Problem requirements: Without including any pictures, copy every line below exactly.

Supplied material:
● ● ● ● ●

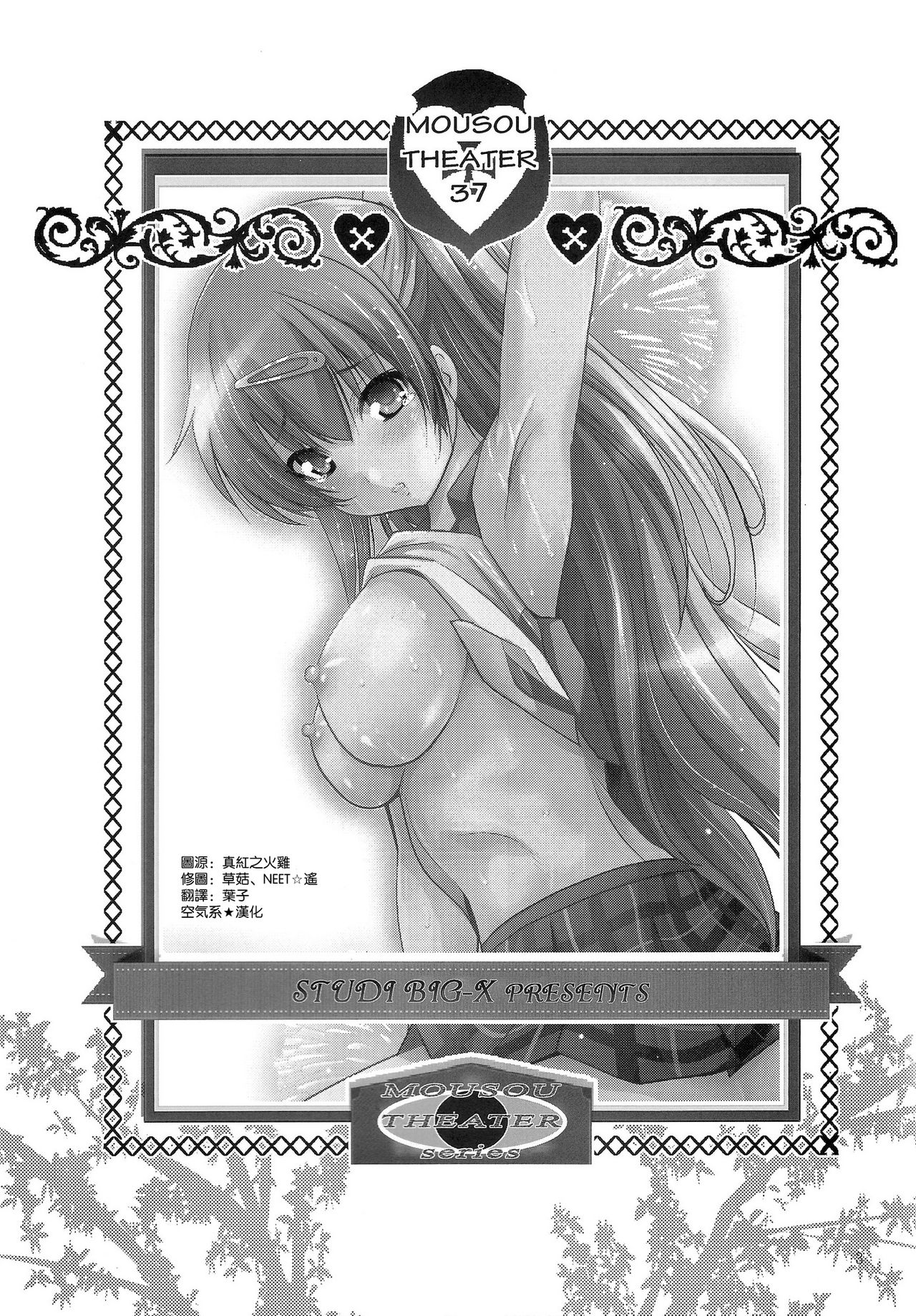 MOUSOU THEATER37 page 3 full
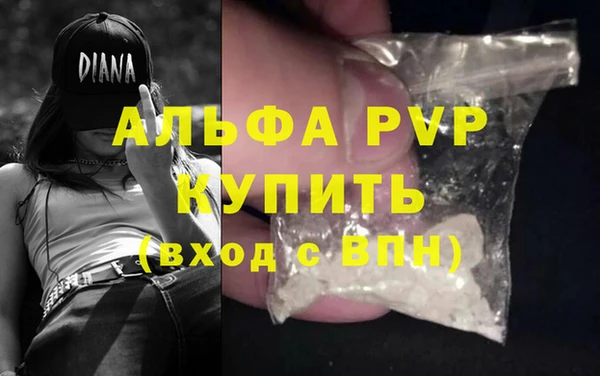 героин Богородицк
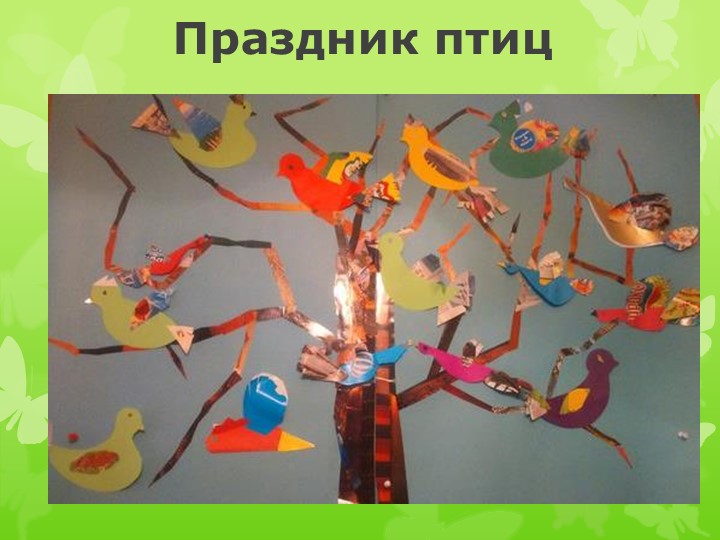 Презентация к уроку "Разноцветные жуки. Создание панно." Учебники, Презентации и Подготовка к Экзаменам для Школьников на Klass-Uchebnik.com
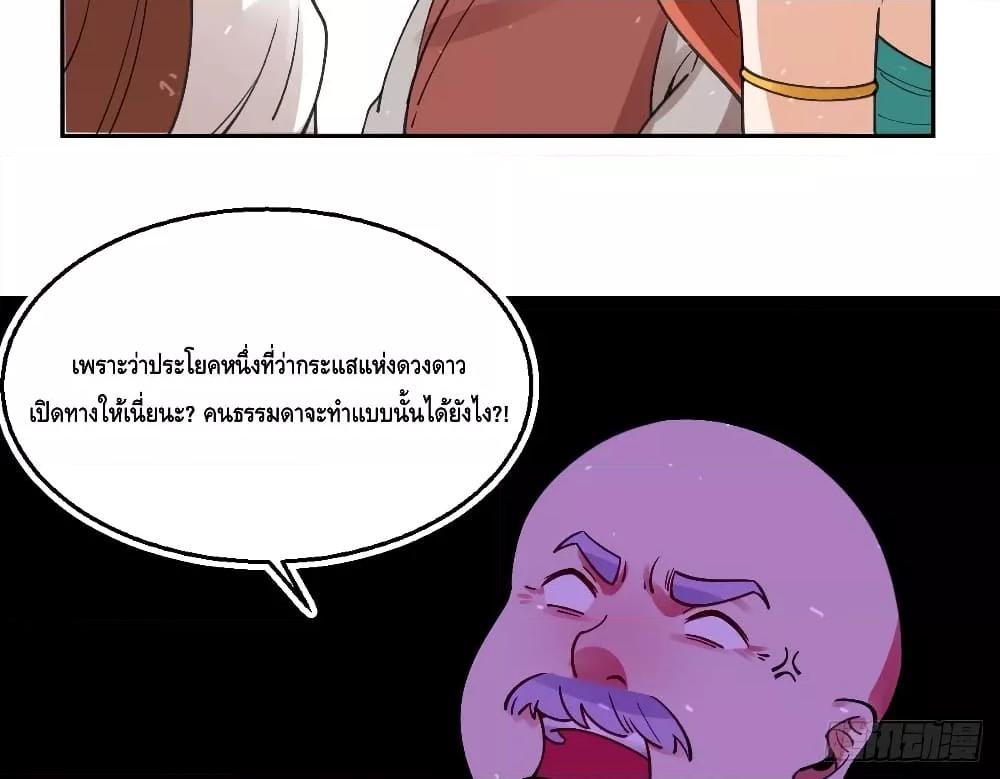 Manga-lc-com อ่านมังงะ อ่านการ์ตูน ออนไลน์ ฟรี ItTurnsOutTh ตอนที่ 1 2 3 4 5 6 7 8 9 10 11 12 13 14 ฟรี ไม่มีโฆษณา Manga-lc - อ่าน มังงะ อ่าน การ์ตูน ออนไลน์ อ่านมังงะ ฟรี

● ● ● ● ●

Reply:
 MOUSOU THEATER37 page 3 full
 героин Богородицк
 Презентация к уроку "Разноцветные жуки. Создание панно." Учебники, Презентации и Подготовка к Экзаменам для Школьников на Klass-Uchebnik.com
 Manga-lc-com อ่านมังงะ อ่านการ์ตูน ออนไลน์ ฟรี ItTurnsOutTh ตอนที่ 1 2 3 4 5 6 7 8 9 10 11 12 13 14 ฟรี ไม่มีโฆษณา Manga-lc - อ่าน มังงะ อ่าน การ์ตูน ออนไลน์ อ่านมังงะ ฟรี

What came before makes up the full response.